Chi squared and phi coefficient


New to statistics and I'm sure that will be obvious!

I'm taking over from someone at work they conduct some analysis on something :

A test group are receiving an email.

A control group are not.

The two categories are:

Does sign up to online account management

Does not sign up to online account management

Here are the observed results :

Test: 12870 signed up, 49184 did not.
Control : 1535 signed up, 9993 did not.

If i do a chi squared test I get the following results

Chi squared stat: 340.38
P value < 0.00001

This shows the result to be highly significant, aka we reject the null hypothesis that there is no association between group and the categories.

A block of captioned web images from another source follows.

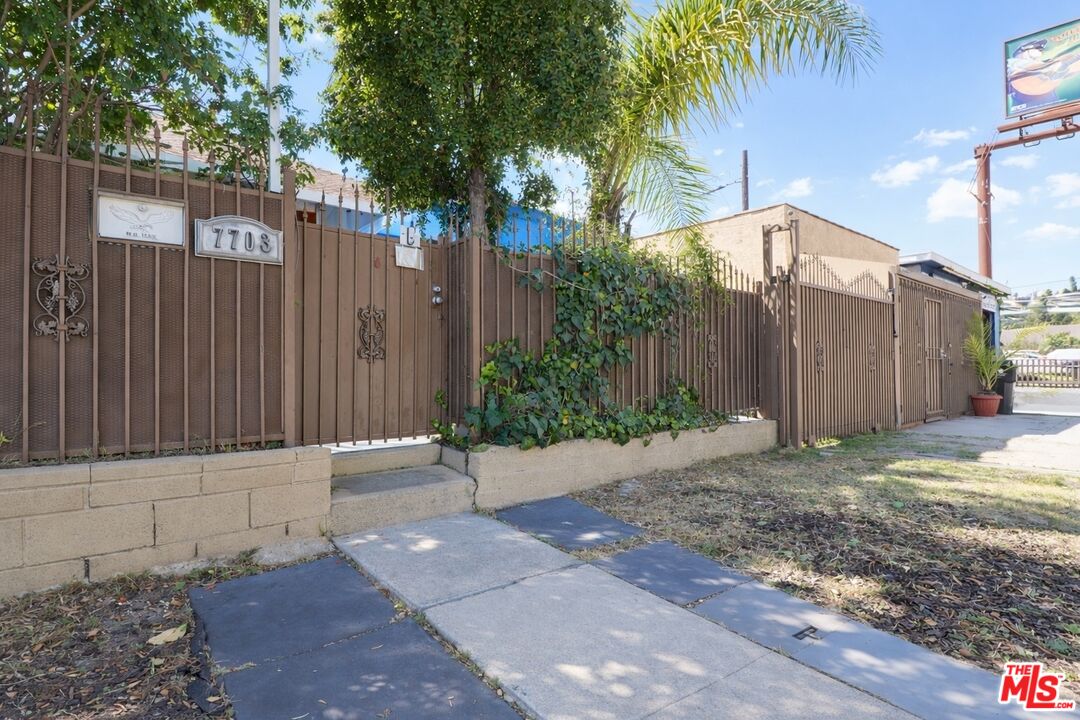 7703 N Hollywood Way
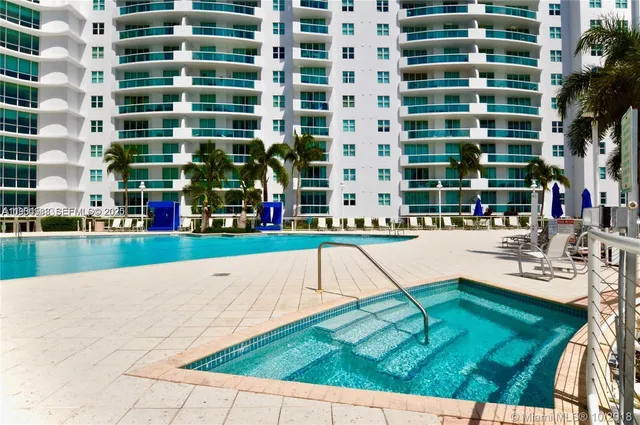 $2,950 | 7900 Harbor Island Drive, Unit 622, North Bay Village, FL 33141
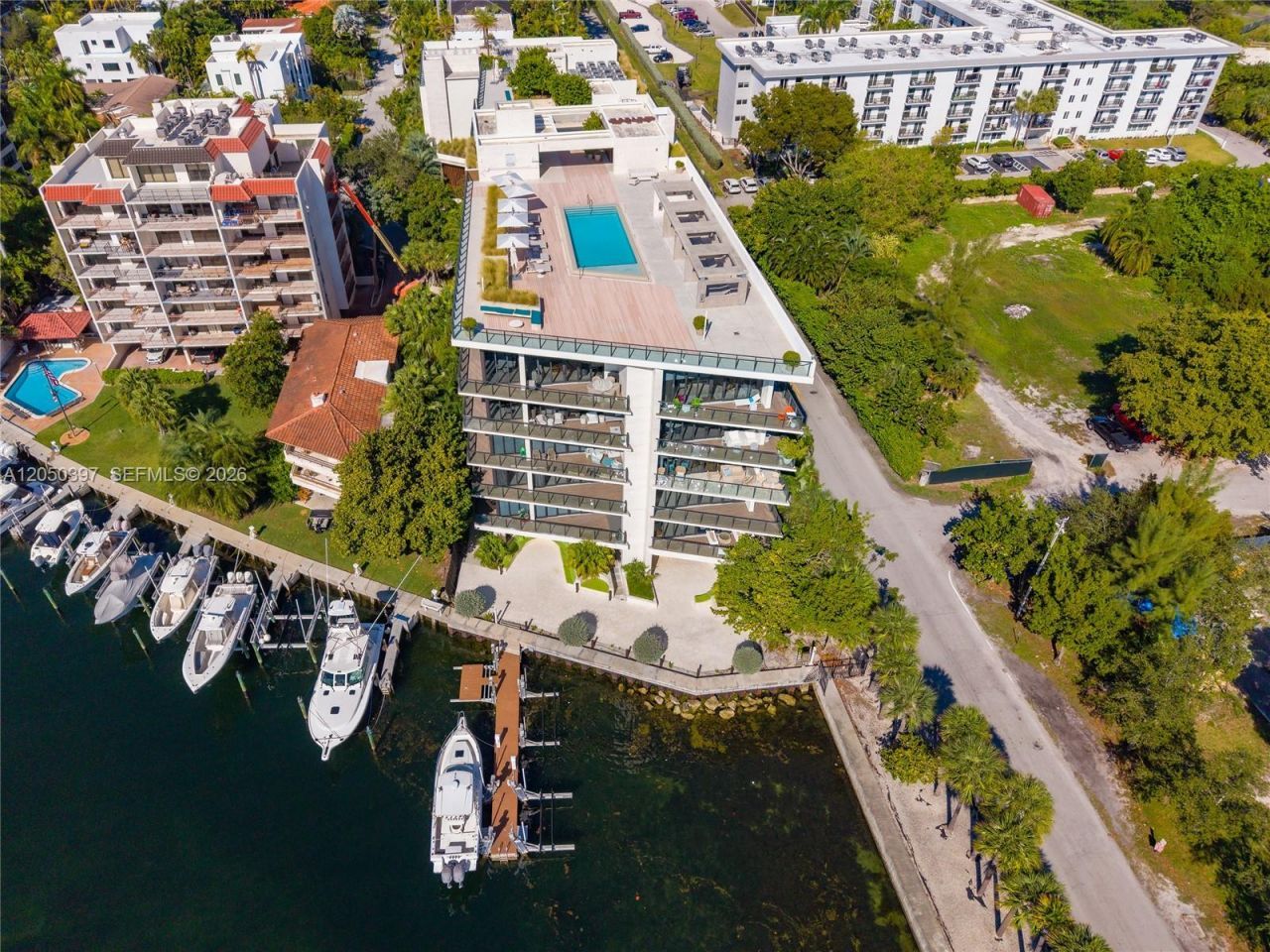3581 E Glencoe St , Unit 403, Miami, FL 33133 Photo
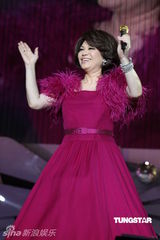 组图：蔡琴百万精华上海演唱会 回忆往事泪盈眼眶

However, my colleague has then chosen to calculate the phi coefficient which comes out at 0.068145

The above was calculated using R. I assume you don't need to multiply is by 100 or anything?

From Google I can see that a figure of 0.068 means that there is 'no or negligible relationship'.

My question is:

These two results completely contradict each other. Chi squared is incredibly significant and phi says there's no association. Is there an association here or not?! Does receiving the email make you more likely to sign up?

Are there some rules as to when to use the phi coefficient or just stick to chi squared or vise versa?

Could there be rules regarding sample size? I thought my numbers above are fairly large? We're not talking single digit.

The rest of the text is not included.